Team handel en haven
zaaknummer / rolnummer: C/10/648133 / KG ZA 22-977
Vonnis in kort geding van 27 december 2022
in de zaak van
[eiser01],
wonende te Rotterdam,
eiser,
advocaat mr. M.P. Kloppenburg te Rotterdam,
tegen
[gedaagde01],
wonende te Rotterdam,
gedaagde,
verschenen in persoon en bijgestaan door [naam01] .
Partijen worden hierna [eiser01] en [gedaagde01] genoemd.

1..De procedure

1.1.
Het verloop van de procedure blijkt uit:
  • de dagvaarding van 2 december 2022, met producties;
  • de mondelinge behandeling gehouden op 13 december 2022;
  • het door [gedaagde01] ter zitting overgelegde verweerschrift met producties, alsmede een aanvullende productie.
1.2.
Vonnis is bepaald op heden.

2..De feiten

2.1.
Op 12 mei 2017 hebben [eiser01] en [gedaagde01] een koopovereenkomst gesloten waarin is bepaald dat [gedaagde01] , tegen betaling van een koopsom van € 250.000,00, de acht in de koopovereenkomst omschreven appartementsrechten (aan [adressen01] te [plaats01] ) aan [eiser01] dient te leveren. In de koopovereenkomst is opgenomen dat de akte van levering van de appartementen op 1 juni 2017 zal worden gepasseerd, of zoveel eerder of later als partijen nader overeen komen.
2.2.
Op 2 juli 2020 heeft (de advocaat van) [eiser01] [gedaagde01] per brief gesommeerd om zijn volledige medewerking te verlenen aan de levering van de appartementsrechten aan [eiser01] . Op eveneens 2 juli 2020 heeft [eiser01] conservatoir beslag ten laste van [gedaagde01] doen leggen op de appartementsrechten.

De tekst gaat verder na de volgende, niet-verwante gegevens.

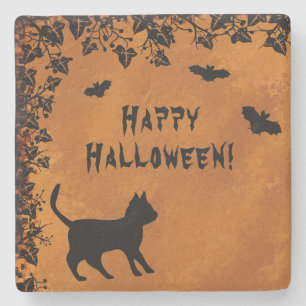 Zwarte kat met biet, Happy Halloween Stenen Onderzetter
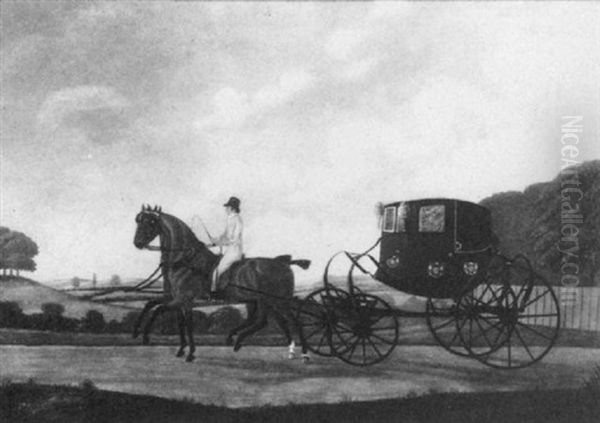 A Horse Drawn Coach On An Open Landscape - view 1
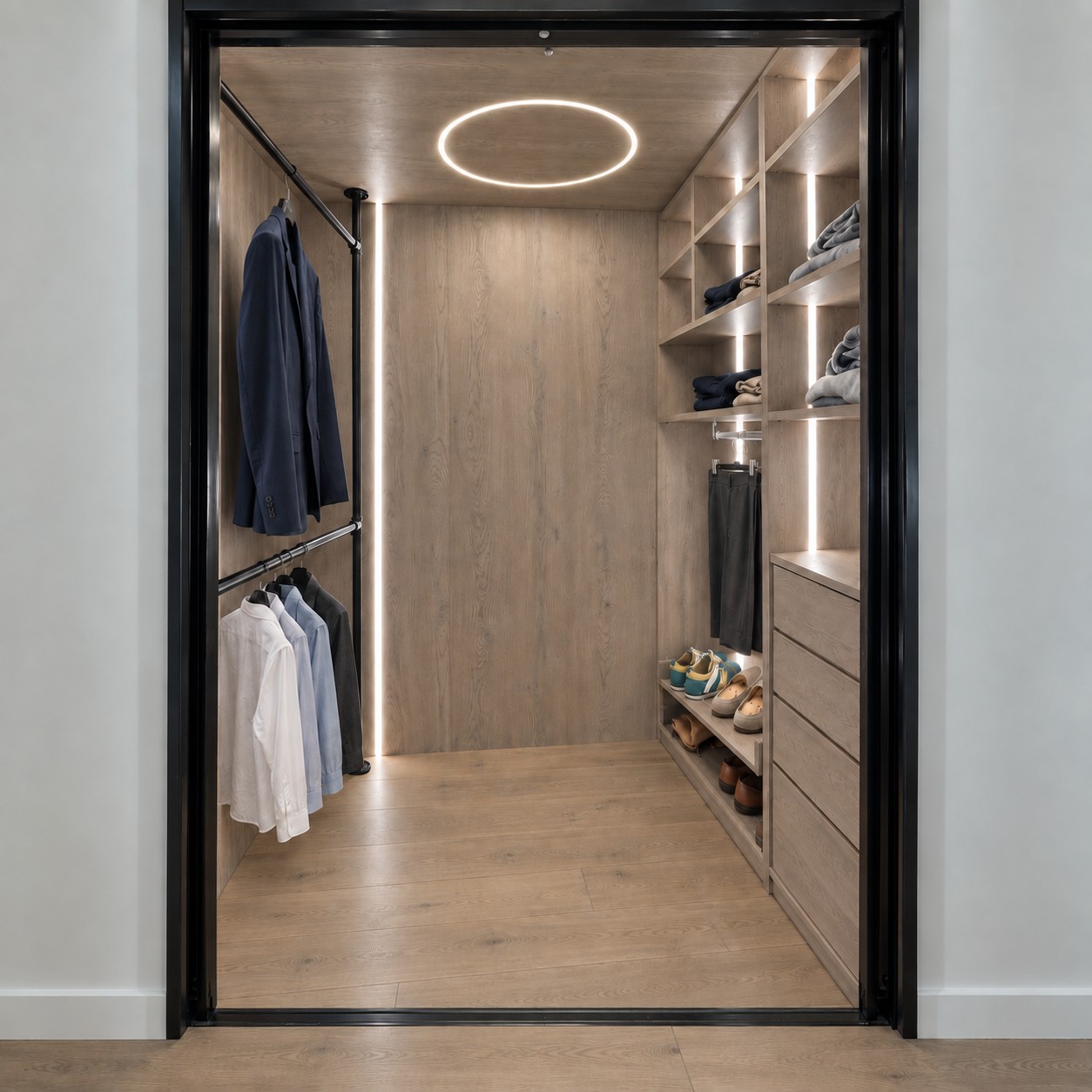 Dressing en habillage mural avec cercle lumineux au plafond à Paris 15e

Tussen partijen is daarna geprocedeerd, waarbij [eiser01] nakoming van de koopovereenkomst heeft gevorderd. [gedaagde01] heeft in reconventie een verklaring voor recht gevorderd dat de koopovereenkomst nietig was, subsidiair deze te vernietigen vanwege een wilsgebrek en meer subsidiair de koopovereenkomst te ontbinden vanwege een tekortkoming in de nakoming door [eiser01] .
2.3.
Bij (eind)vonnis van 6 oktober 2021 van deze rechtbank is [gedaagde01] onder meer veroordeeld tot nakoming van zijn verbintenis uit de op 12 mei 2017 gesloten koopovereenkomst, waaronder de verplichting om zijn volledige medewerking te verlenen aan de levering van de appartementsrechten aan [eiser01] . De reconventionele vorderingen van [gedaagde01] zijn afgewezen.
2.4.
[gedaagde01] is tegen het vonnis van 6 oktober 2021 in hoger beroep gegaan. Bij de comparitie in de appelprocedure op 14 juni 2022 zijn partijen tot overeenstemming gekomen. In de vaststellingsovereenkomst is voor zover van belang het volgende opgenomen:
“Ter beëindiging van deze procedure komen partijen het volgende overeen:
1.
[gedaagde01] levert aan [eiser01] de acht appartementsrechten genoemd in de koopovereenkomst gesloten tussen partijen op 12 mei 2017 (…). [eiser01] betaalt aan [gedaagde01] een koopprijs van € 495.000,- voor deze acht appartementsrechten. Daarvan zal € 250.000,- worden betaald bij levering, en € 245.000,- binnen een termijn van maximaal één jaar.
2.
Levering zal plaatsvinden kosten koper, op zo kort mogelijke termijn, maar in ieder geval binnen drie maanden na heden.
3.
Als zekerheid voor de betaling van de tweede termijn van € 245.000,- zal bij de levering van de appartementsrechten een recht van hypotheek voor dat bedrag worden gevestigd op de [adres01] en [adres02] , ten gunste van [gedaagde01] . De kosten van het vestigen van dit hypotheekrecht zullen worden gedragen door [eiser01] .
4.
[gedaagde01] krijgt het recht van gebruik van [adres03] , [adres04] en [adres05] , die thans één woning vormen, voor maximaal één jaar, waarna hij [adres03] , [adres04] en [adres05] leeg zal opleveren. Als [gedaagde01] [adres03] , [adres04] en [adres05] eerder dan één jaar leeg oplevert, zullen partijen overleggen over een eerdere betaling van de tweede termijn van de koopprijs.
5.
Partijen verschillen van inzicht over de afspraken die zijn gemaakt met betrekking tot de verhuur van de te leveren appartementsrechten. Daarover zullen zij los van deze afspraken nader overleg voeren. [gedaagde01] zegt toe dat de twee bergingen van de [straatnaam01] (volgens partijen appartementsrechten [adres06] en [adres07] ) binnen één jaar leeg zullen worden opgeleverd, of zoveel eerder als mogelijk voor [gedaagde01] indien [gedaagde01] [adres03] , [adres04] en [adres05] eerder oplevert. [gedaagde01] verklaart dat [adres08] thans leeg is. (…)”
2.5.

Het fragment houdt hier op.